Code-switching speech synthesis for Mandarin-English using FastSpeech2: A unified IPA-based approach
Author: Wang Yinqiu
Overview:
This research explores two main methods for synthesizing natural-sounding code-switched speech between Mandarin and English using the FastSpeech2 model:
Method 1: Modeling the phonemes of Mandarin and English directly, which involved handling alignment with the Montreal Forced Aligner and developing a mixed dictionary and acoustic model.
Method 2: Unifying the input formats for both languages as phonological features based on the International Phonetic Alphabet (IPA), implemented using the IMS-Toucan GitHub repository.
Experimental Setup
For Method 1, three sets of experiments were conducted:
Group A: Pre-training on a code-switched Mandarin-English dataset for ASR tasks, then fine-tuning with 500 high-quality code-switched Mandarin-English audios.

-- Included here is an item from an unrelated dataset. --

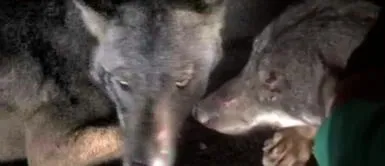 Mujer arriesga su vida por salvar a lobo herido al borde de la carretera Mujer arriesga su vida por salvar a lobo herido al borde de la carretera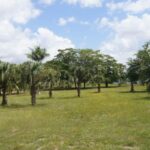 listing image thumbnail with ID 72281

Group B: Pre-training on a dataset for Mandarin TTS tasks, followed by fine-tuning using the 500 code-switched audios.
Group C: Pre-training on a dataset for Mandarin TTS tasks, followed by fine-tuning with an English TTS dataset.
For the unified IPA-based approach (Method 2/Group D), the input formats for both Mandarin and English were represented as phonological features based on the IPA. This method was implemented using the IMS-Toucan repository, with the pre-trained model fine-tuned on only 500 high-quality mixed Mandarin-English sentences.
Audio Samples
Groups / Sentences
Tiktok是最近非常热门的一款APP。
我对这个topic很感兴趣。
没关系,也许之后能有更好的chance。
Group A
Group B
Group C
Group D
Relevance:
Successful development of code-switching TTS systems can facilitate communication across languages, with applications in education, media, and assistive technologies for enhancing accessibility in multilingual societies.